Pero todo ese esfuerzo logístico, toda la inventiva, el trabajo, el esfuerzo… todo ello no habría servido de nada sin el sacrificio de quienes en la madrugada de aquel día de hace 70 años se dirigían hacia unas playas hostiles, en unas barcazas sacudidas por la marejada, entre el hedor de unos vómitos provocados a medias por el mareo y por el terror. Les acompañaba la certeza de que en pocos minutos muchos caerían ante las ametralladoras enemigas o ahogados por el peso de su propio equipo si desembarcaban en una zona demasiado profunda. No estaban solos: pocas horas antes les habían precedido las tropas aerotransportadas, afrontando la incertidumbre de un salto en paracaídas o el riesgo de un aterrizaje en planeador, en ambos casos en la más completa oscuridad y en territorio dominado por un enemigo implacable.

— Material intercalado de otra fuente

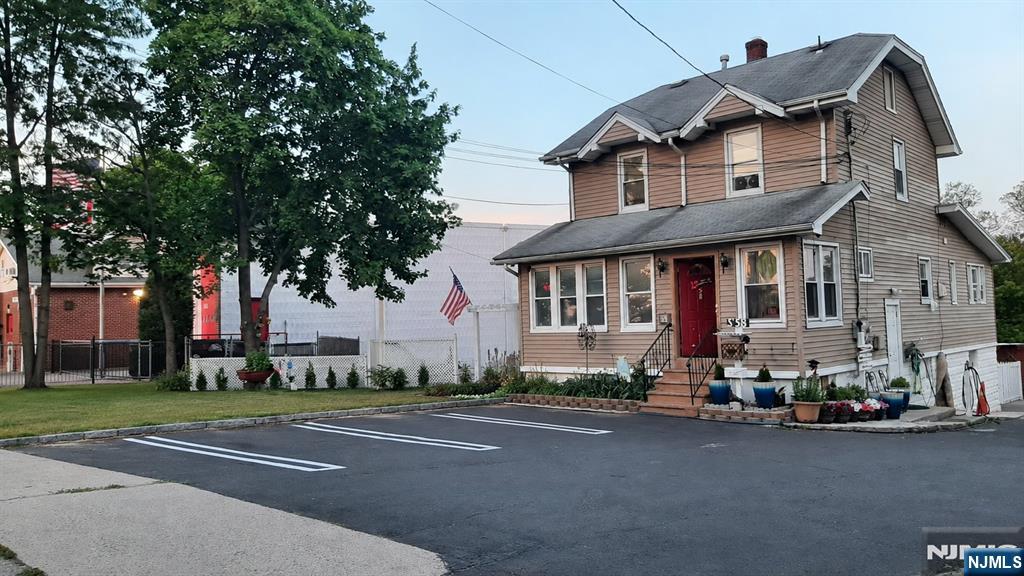 58 Farview Avenue - Photo 1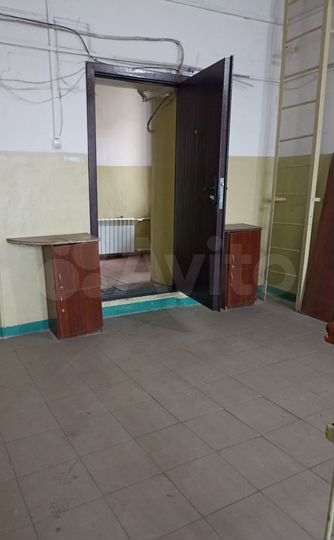 Комната 23 м² в 5-к., 2/2 эт.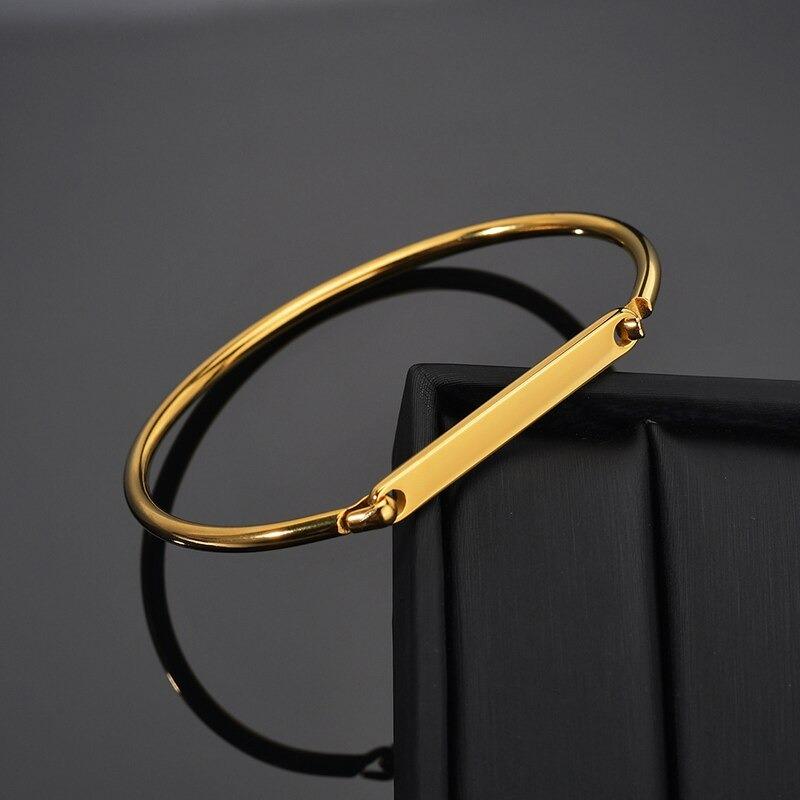 Personalisierter Name Minimalistischer Armreif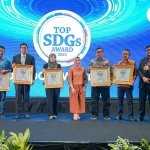 SD Project Sr. Specialiast SIG, Slamet Mursidiarso (ketiga kanan), saat menerima penghargaan Top SDGs 2022. Foto: Ist
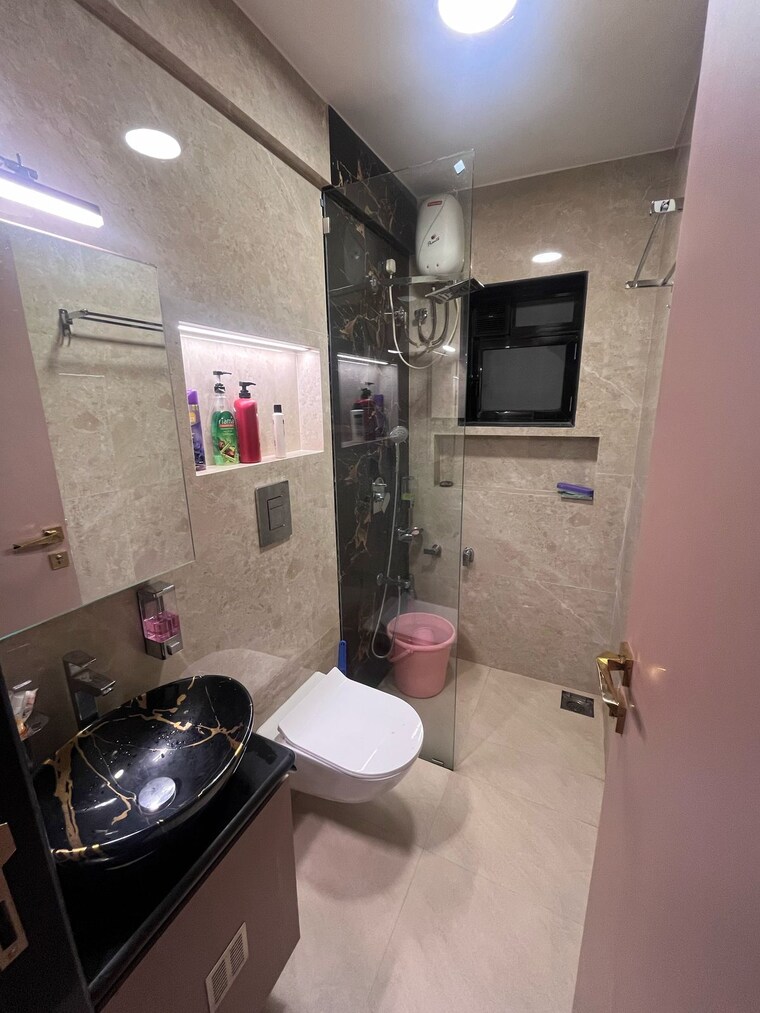 Bathroom, saket-towers-chs-ltd 2 Bedroom 1267 Sq.Ft. Apartment In Majiwada Thane 8613510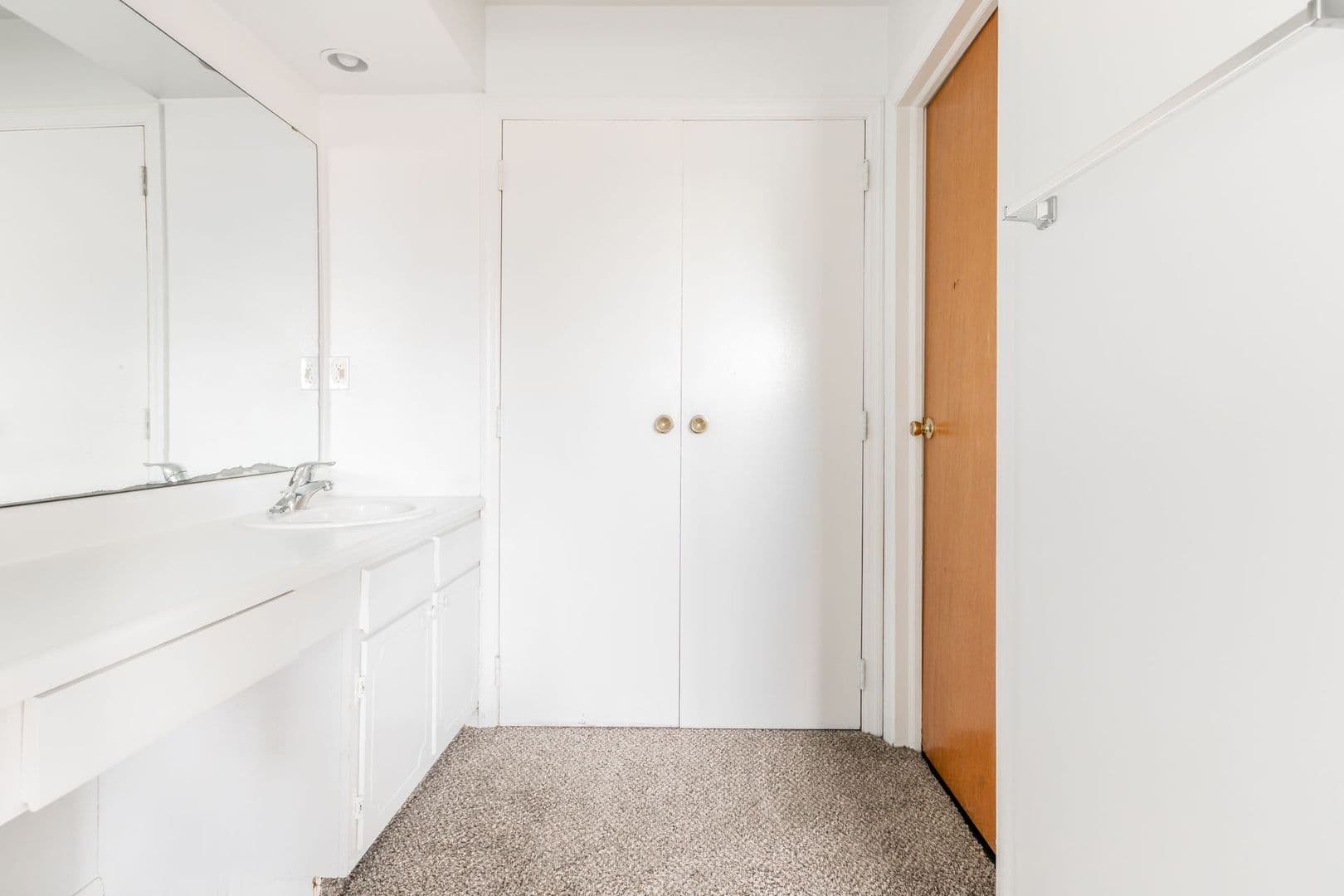 Kettering Apartment: 4600 Wilmington Pike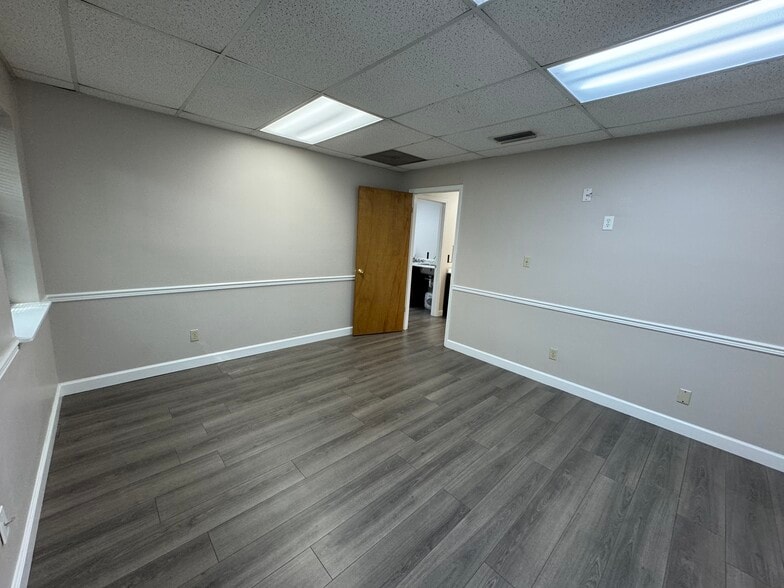 More Photos Of 3938 Sunbeam Rd, Jacksonville Medical For Sale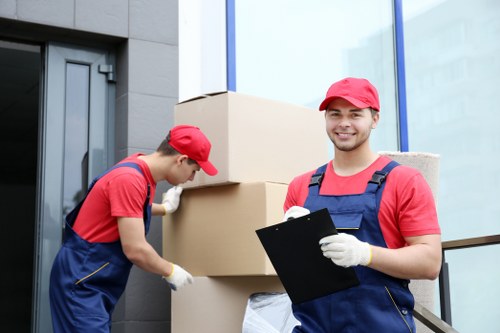 Packing boxes for house relocation in Welling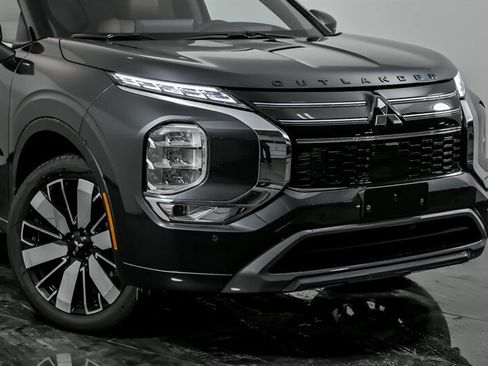 New 2026 Mitsubishi Outlander SEL FWD image 2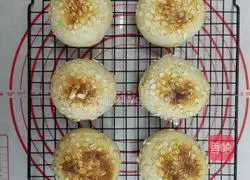 Illustration of how to make bread machine whole wheat meal buns (cream cheese filling) 11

Por eso es difícil visitar el cementario de Colleville-sur-mer sin sentir un nudo en la garganta. Allí reposan para siempre muchos de los que murieron en aquel día y en la campaña que se desarrolló a continuación. Eran, en su mayoría, jóvenes que habían abandonado su hogar y cruzado un océano para dejarse la vida, literalmente, en un esfuerzo por apartar de Europa el siniestro fantasma del nazismo. A veces se lee en la prensa que ese espectro no huyó del todo y aún amenaza con regresar. En esos casos no puedo evitar pensar en quienes están en ese cementerio, y en otros similares, y preguntarme si las generaciones actuales estaremos a su altura y si hemos comprendido la magnitud de la deuda que contrajimos con ellos hace exactamente 70 años.